Setelah mengebumikan Arumi, aku melihat wajah sedih dan kehilangan dari dua orang yang sudah membesarkan putri bungsunya itu sampai saat ini, tinggal bayi kecil yang belum kami berikan nama itu harapan mereka satu – satu nya. Semoga bayi mungil itu bertahan agar harapan tetap singgah dalam ingatan baik aku atau pun orangtua Arumi. Bisik – bisik tetangga seperti melihat aneh ke arah ku, aku bukan bagian dari keluarga ini yang mereka kenal, mereka menelisik bak detektif mungkin saja mereka mengira aku adalah suami Arumi, canggung rasanya hamil dan punya bayi tetapi tidak ada suami atau ayah dari bayi yang di lahirkan bagi adat ketimuran yang masih kental disini.
Tatapan mereka seakan – akan bertanya siapa aku bagi Arumi, tetapi tidak satupun ada yang berani bertanya. Tatapan marah pun sebagian kuterima dari mereka, mungkin mereka berfikir kemana saja aku selama sembilan bulan ini, Arumi sendiri mengandung anak nya. Dimana tanggung jawab ku sebagai lelaki atau suami..? Entah lah hanya mereka yang tahu apa yang ada di dalam hati dan fikiran mereka masing –masing . Aku memilih untuk pergi ke rumah sakit melihat bagaimana kondisi bayi kami. Sejak tadi dari rumah duka ponsel ku terus berbunyi dari ibu dan kak Bardi. Mungkin mereka mendapat kabar dari tim ku bahwa aku pergi begitu saja tanpa pamit pada mereka, aku mengerti kekhawatiran mereka, takut kalau – kalau aku berulah lagi dan mungkin kali ini aku tidak seberuntung waktu yang lalu bisa saja aku tak tak selamat kali ini.
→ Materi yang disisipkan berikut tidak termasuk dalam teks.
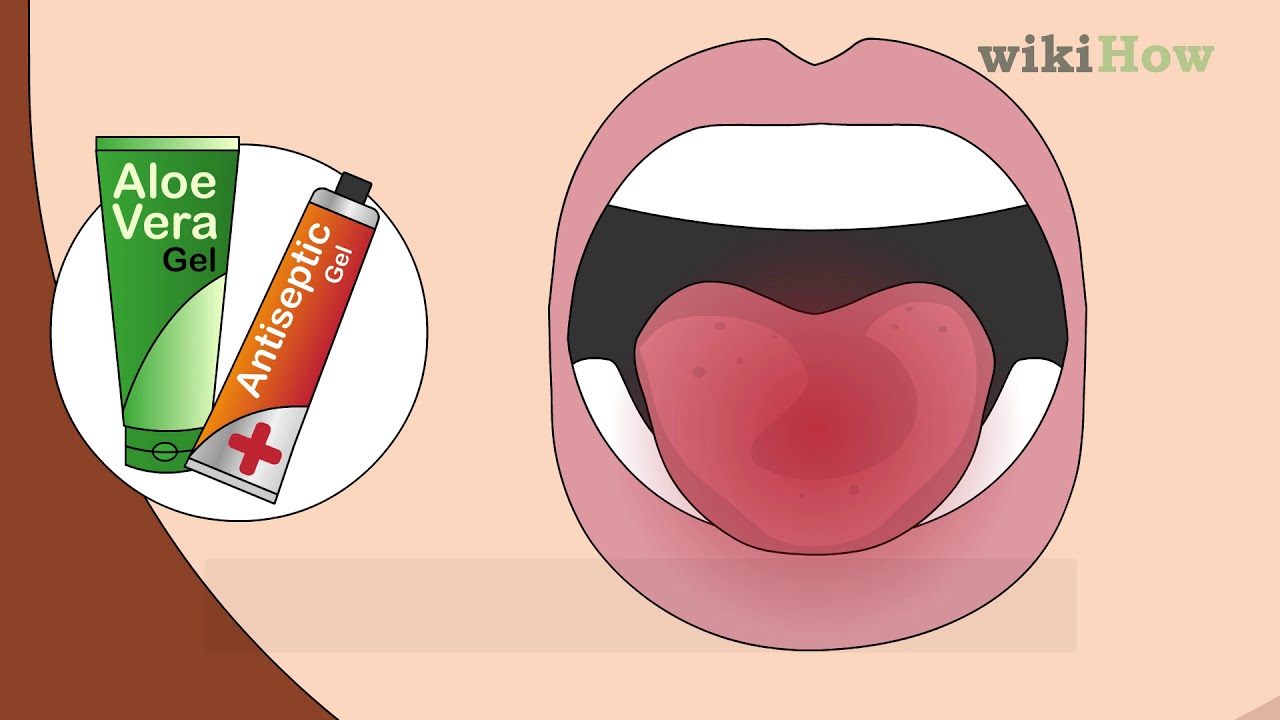 How to Heal a Bitten Tongue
Ku jawab panggilan telepon dari ibu, jelas sekali terdengar suara ibu yang sangat mengkhawatirkan aku, suaranya bergetar parau seperti menahan tangis. “Assalammuailakum bu, iya maafin Zubi gak kasih kabar ke Ibu atau Abang, Zubi lagi di Pekanbaru Bu, Zubi baik – baik aja, nanti kalau urusan Zubi disini sudah kelar, Zubi akan kasih tahu semuanya ke ibu.” Mendengar jawaban ku barusan tangis ibu ku pecah, mungkin beliau mengira aku kembali pada cinta pertama ku. “Zubi, ibu mohon nak jangan lagi..”dengan suara tangis penuh sedu sedan, belum sempat ibu melanjutkan kalimat nya, langsung ku jelaskan pada ibu. “Ibu percaya Zubi kan bu..?Zubi ada urusan yang memang belum bisa Zubi ceritakan ke ibu dan abang, tapi percayalah bukan karena narkoba zubi begini bu, nanti akan zubi ceritakan pada ibu. “ Aku tidak ingin ibu dan kak Bardi khawatir berkepanjangan dan semoga dengan penjelasan ini mereka berdua bisa paham.